Assessment of concordance for individual relatedness

Pairwise comparisons of the genotype calls were performed to assess the degree of similarity shared by the unrelated individuals. Mean and standard deviation of the pairwise concordance scores were computed for the “pure” samples (i.e. excluding the sample mixtures). The average concordance value for the Fluidigm SNPtrace panel across the unrelated samples was 46% (ranging from 26 to 72%, average ± st dev: 46.13 ± 8.64). The average concordance value for the Agena iPLEX Sample ID panel across the unrelated samples was 40% (ranging from 23 to 66%, average ± st dev: 40.143 ± 8.34). We next sought to determine whether the two panels were consistent in the concordance value detection. By comparing the concordance values of the two platforms across the “pure” samples, we found a significant correlation (Pearson’s correlation R = 0.4063, 95% confidence interval: 0.2005 to 0.5778, p-value = 0.0002), suggesting a good consistency among the two platforms.

Gender assignment

Sample gender was determined using the genotype calls of the gender SNPs. The Agena iPLEX Sample ID panel includes three gender markers, which utilize chromosome X and Y paralog sequences where the two paralogues are co-amplified by a single PCR primer pair and discriminated by differential bases or short INDEL at the single base extension level. Gender calls are returned as M = male, F = female and 0 = No Call. The gender assignment on the Fluidigm SNPtrace platform is based on six SNPs, three SNPs are located on the X chromosome and three SNPs on the Y chromosome. A sample was called “female” if the three X chromosome SNPs gave a call and the three Y chromosome SNPs gave a no-call. A sample was called “male” if the three Y chromosome SNPs and at least two of the three X chromosome SNPs gave a call. When both the X and Y chromosome SNPs gave a call with at least one of the X chromosome SNPs returning a heterozygous call, the sample was assigned as Klinefelter. In our dataset, contaminated samples with discordant gender (male/female) or male gender (male/male) returned a Klinefelter assignment. Despite the number and the nature of the gender assays differing among the Fluidigm and Agena panels, the gender assignment was consistent across the two platforms for the “pure” samples assessed, except for the cardiomyocyte cell line LC1. The LC1 sample was assigned as male by the Fluidigm SNPtrace panel and as female by the Agena iPLEX Sample ID panel. To validate this finding we re-ran the LC1 for genotyping assessment. The sample was called as male by the Fluidigm SNPtrace panel and female by the Agena iPLEX panel also in the second run, consistently with the original gender assignment. Gender misassignment across different platforms has been previously reported in other studies[30,32-34]. Notably, in our study the only sample that had a discordant gender assignment by the two platforms is the immortalized cell line, while the DNA extracted from all the blood samples gave consistent gender assignment among the Fluidigm and Agena platforms. Immortalized cell lines might acquire aneuploidy and chromosomal rearrangements during the immortalization process. Since the gender assignment of the Fluidigm and Agena platforms is based on different assays, we believe that the discordance might be due to the genetic instability of the cell line assessed in this study.

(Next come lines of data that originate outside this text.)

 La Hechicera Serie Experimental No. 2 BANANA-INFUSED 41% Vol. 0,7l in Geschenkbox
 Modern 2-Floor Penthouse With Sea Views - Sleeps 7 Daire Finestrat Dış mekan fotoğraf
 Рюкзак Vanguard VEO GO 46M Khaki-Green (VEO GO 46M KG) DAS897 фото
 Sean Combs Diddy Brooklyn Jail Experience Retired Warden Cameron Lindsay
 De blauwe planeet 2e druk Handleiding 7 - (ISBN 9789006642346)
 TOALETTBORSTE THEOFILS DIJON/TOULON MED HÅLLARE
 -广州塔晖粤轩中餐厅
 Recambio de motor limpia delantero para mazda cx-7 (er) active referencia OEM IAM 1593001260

Detection of cross-contamination

To test the sensitivity of detecting cross-contamination, we created sample mixtures. The 14 individual samples were assigned to 7 random pairs; each pair of samples included “sample 1 (S1)” and “sample 2 (S2)”. Cross-contamination of the 7 pairs was simulated at fixed ratios of sample 1 and sample 2: 100:0; 98:2; 95:5; 90:10; 75:25; 50:50; 50:50; 25:75; 10:90; 5:95; 2:98; 0:100 (Supplementary Table 1). The 100:0 and 0:100 samples were considered “pure” samples. For the simulated contaminated samples, we used the genotype calls of the “pure” samples as reference (Supplementary Fig. 1). Concordance was calculated for the Fluidigm SNPtrace panel (Fig. 1) and the Agena iPLEX Sample ID panel (Fig. 2). It should be noted that for each sample pair we included two 50:50 experimental mixtures. This is because we used S1 as reference sample for the first mixture and S2 as reference sample for the second mixture. The number of discrepant calls + no calls increased parallelly to the increase of the contamination ratio (Figs. 1, 2) up to the first 50:50 mixture (using S1 as reference sample); from the second 50:50 mixture onwards the number of discrepant calls + no calls decreased parallelly to the decrease of the contamination ratio (using S2 as reference sample; Figs. 1, 2). The average concordance values of the Fluidigm SNPtrace and Agena iPLEX Sample ID panels across the cross-contaminated samples correlated significantly (Pearson’s correlation R = 0.8909, 95% confidence interval: 0.6488 to 0.9693, p-value = 0.0001). Nevertheless, the Fluidigm SNPtrace panel showed an overall greater drop in the concordance values with the parallel increase of the cross-contamination ratios as compared to the Agena iPLEX Sample ID panel (Fig. 3). Fluidigm SNPtrace allele discrimination plots for pair 12A/14C are shown as an example across all the contamination points in Supplementary Fig. 2. The tightness of the clusters reflects the call confidence. As expected, a greater dispersion is seen parallelly to increased contamination ratios, indicating a decreased discriminatory power when contamination increases.

Figure 1

Figure 2

Concordance calls across the seven pairs of samples tested on the Agena iPLEX Sample ID Plus panel. The grey line indicates the concordant SNPs (N); the yellow line indicates the concordant SNPs (%); the blue line indicates the number of discordant plus no calls. Sample S1 is used as reference for the mixtures with S1 as the major component (blue) and the first 50:50 mixture; sample S2 is used as reference for the second 50:50 mixture and for the mixtures with S2 as the major component (orange).

Figure 3

Average concordance (%) of the the SNPtrace panel (96 SNPs), SNPtrace panel (47 SNPs) and the iPLEX Sample ID Plus panel across the different sample mixes. Error bars indicate standard deviations.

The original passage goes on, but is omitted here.